Raoult did not respond to requests for an interview by The BMJ.
Another BMJ editorial published a week later is also quite critical of the CQ studies published thus far.
Apparently the protest/questions directed at the French paper have resulted in a official reaction from the journal board (this was mentioned in "quick reactions" the later BMJ piece)
Official Statement from International Society of Antimicrobial Chemotherapy (ISAC)
Hydroxychloroquine and azithromycin as a treatment of COVID-19: results of an open-label non-randomized clinical trial (Gautret P et al. PMID 32205204)
ISAC shares the concerns regarding the above article published recently in the International Journal of Antimicrobial Agents (IJAA). The ISAC Board believes the article does not meet the Society’s expected standard, especially relating to the lack of better explanations of the inclusion criteria and the triage of patients to ensure patient safety.
Despite some suggestions online as to the reliability of the article's peer review process, the process did adhere to the industry's peer review rules. Given his role as Editor in Chief of this journal, Jean-Marc Rolain had no involvement in the peer review of the manuscript and has no access to information regarding its peer review. Full responsibility for the manuscript's peer review process was delegated to an Associate Editor.

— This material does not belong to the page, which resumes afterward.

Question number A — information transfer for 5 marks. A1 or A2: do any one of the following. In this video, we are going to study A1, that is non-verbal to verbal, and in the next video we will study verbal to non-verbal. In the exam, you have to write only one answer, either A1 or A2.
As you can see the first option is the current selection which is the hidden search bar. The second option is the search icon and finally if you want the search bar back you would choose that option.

Although ISAC recognises it is important to help the scientific community by publishing new data fast, this cannot be at the cost of reducing scientific scrutiny and best practices. Both Editors in Chief of our journals (IJAA and Journal of Global Antimicrobial Resistance) are in full agreement.
Andreas Voss
ISAC President
April 3rd-2020
The Lancet noted (on Apr 11) that contra France (and US/FDA), based on current data, the European Medicines Agency is not convinced CQ/HCQ has any role in treating Covid-19.
See also, podcast discussion on Annals of Internal Medicine and Science Translational Medicine blog critical of the 2nd (draft) French study. The latter piece notes that at one point:
Raoult and several of his co-authors were banned from publishing in any ASM (American Society for Microbiology) journals for a year.

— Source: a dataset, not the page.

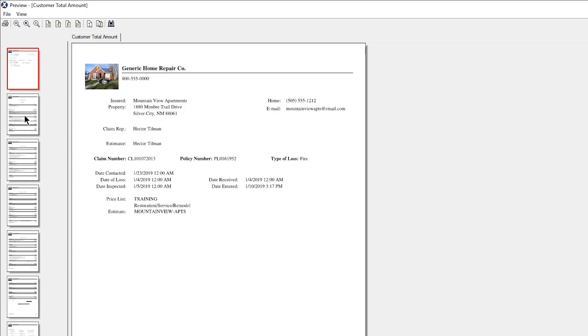While Xactimate can generate a variety of reports, you may find that you only need to send part of an estimate report to the policyholder, a subcontractor, or other interested party. By default, the report includes all line items in the estimate.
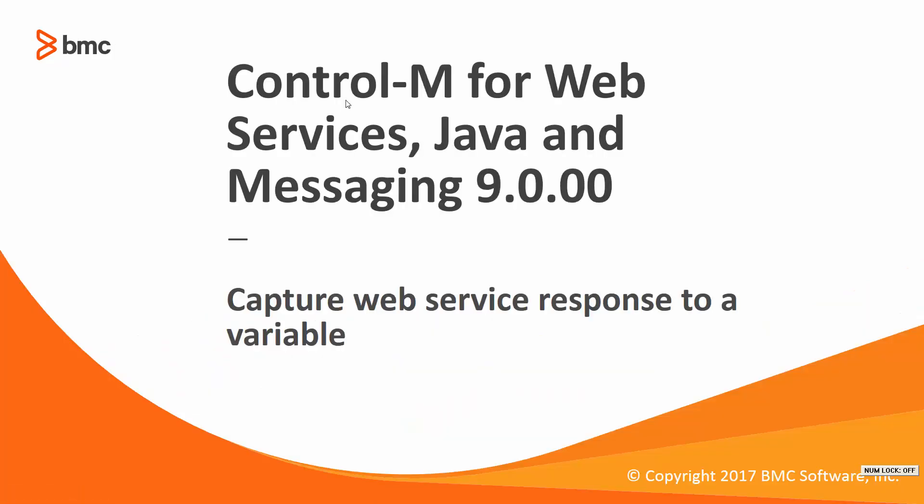Welcome to the Support Video's Workload Automation Video Series. In this video, you will see how to capture a web service response to a variable. Then we'll see a few examples of using that same response.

A more recent French study (not from the Raoult group) found that HCQ wasn't effective (or more precisely that the effect wasn't statistically significant--although just a preprint it was also covered by CNN on April 15). The study also found some patients had to discontinue HCQ due to ECG changes:
This study included 181 patients with SARS-CoV-2 pneumonia; 84 received HCQ within
48 hours of admission (HCQ group) and 97 did not (no-HCQ group). Initial severity was well
balanced between the groups. In the weighted analysis, 20.2% patients in the HCQ group
were transferred to the ICU or died within 7 days vs 22.1% in the no-HCQ group (16 vs 21
events, relative risk [RR] 0.91, 95% CI 0.47–1.80). In the HCQ group, 2.8% of the patients
died within 7 days vs 4.6% in the no-HCQ group (3 vs 4 events, RR 0.61, 95% CI 0.13–2.89),
and 27.4% and 24.1%, respectively, developed acute respiratory distress syndrome within 7
days (24 vs 23 events, RR 1.14, 95% CI 0.65–2.00). Eight patients receiving HCQ (9.5%)
experienced electrocardiogram modifications requiring HCQ discontinuation.
Interpretation: These results do not support the use of HCQ in patients hospitalised for documented SARSCoV-2-positive hypoxic pneumonia.